Dans mes textes, il y a toujours, dans l’absence, la présence paradoxale (et plurielle) de l’autre -des références- de petits signes. Il y a une nécessité à sortir de cette absence de soi et du monde qui résonne comme une rumeur. L’écrit entretient un rapport interne avec l’absence (et le silence). Elle fait vaciller la certitude des perceptions et des pensées. Ce n’est pas l’absence de quelqu’un, c’est une absence plus globale. Cela se joue beaucoup sur le vide, sous la forme d’une sorte de répétition, de déplacement des corps et des mots dans ce vide.

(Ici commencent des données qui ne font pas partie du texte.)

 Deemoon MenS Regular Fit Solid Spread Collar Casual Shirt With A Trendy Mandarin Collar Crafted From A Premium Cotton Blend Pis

Vos poèmes sont aussi très imagés (la nuit, les étoiles, la neige...), on y ressent une réelle influence de la peinture.
Le texte de Ciel inversé a commencé à être écrit après une exposition « Mémoire d’aveugles/Autoportrait, et autres ruines ». Et notamment après m’être plusieurs fois arrêtée devant une étude d’aveugle -L’Erreur d’Antoine Coypel- un homme avance, bras et mains tendus dans le vide, les yeux bandés. L’autoportrait dit de L’homme blessé de Gustave Courbet m’a également troublée. Cette peinture nous montre un homme (Courbet lui-même), allongé, les yeux fermés, seul, avec une blessure. Ce tableau est la reprise d’une oeuvre peinte dix ans plus tôt dans lequel il se représentait faisant la sieste enlacé avec une jeune femme... l’amie disparue, elle fut effacée du tableau. Mais il reste les traces de ce corps, même s’il n’apparaît plus. De l’amour, il reste l’absence, la disparition, un trou sanglant.
Pour moi, il est toujours question de disparition et de réapparition. Mon écriture, au début, s’est construite sur des deuils, sur des morts -sur des silences et des aveuglements. J’écris à tâtons, mot après mot... comme se déplacent les aveugles. Je cherche une sortie.

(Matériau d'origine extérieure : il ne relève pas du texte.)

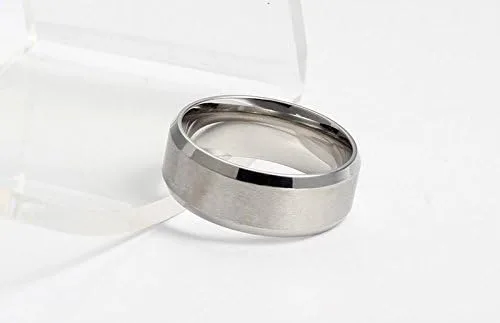 Miniatura 2 de FANSING Anillos de boda de acero inoxidable de 8 mm para hombre y mujer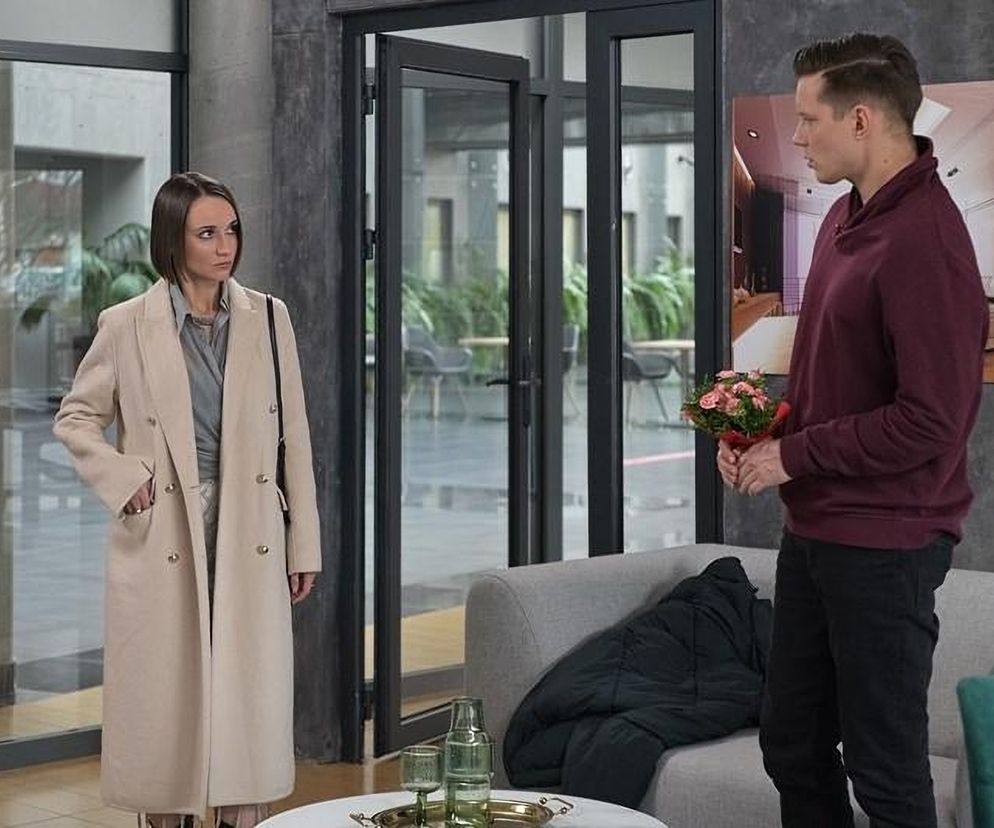 	Pierwsza miłość odc. 3805. Melka (Ewa Jakubowicz), Piotrek (Michał Mikołajczak)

On a l’impression que l’individu s’efface presque derrière les éléments. Y a-t-il un refus de l’autobiographie dans votre écriture ?
Pour écrire, il faut que je me sépare, que je m’éloigne. Il y a toujours, pour moi, ce mouvement : une sortie hors de soi et hors du monde, une séparation. Je m’éloigne du monde mais aussi du corps, je me découpe comme je découpe mes phrases.

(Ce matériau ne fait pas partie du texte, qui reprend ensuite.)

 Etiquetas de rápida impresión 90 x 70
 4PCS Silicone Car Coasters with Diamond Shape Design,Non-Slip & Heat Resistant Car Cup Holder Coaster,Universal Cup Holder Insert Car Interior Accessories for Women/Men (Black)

Dans ce mouvement de séparation et de rupture, il y a pourtant une présence de l’Autre qui serait quasiment symbolique. Une rencontre à venir, ou à retrouver... C’est sûrement vital. Il me semble qu’il y a la tentative de s’adresser aussi à l’autre, avec d’autres mots, et de le faire ressurgir. Comme l’écrivait Paul Celan : « Le poème devient un dialogue. Souvent c’est un dialogue désespéré. »
Vous laissez place à la respiration et au silence, et vous utilisez souvent des parenthèses non refermées...
L’ouvert... je me donne une chance de sortir -je laisse le lecteur (et moi-même) lire la suite en silence- dans les blancs, et dans ce qui n’est pas écrit, puisque le texte est toujours à écrire, à continuer. On n’en finit jamais. Les mots prennent en charge la mémoire, celle des disparus, celle des morts comme celle des vivants, redonnant parfois une voix, un corps et une forme aux morts et aux choses tombés dans l’absence.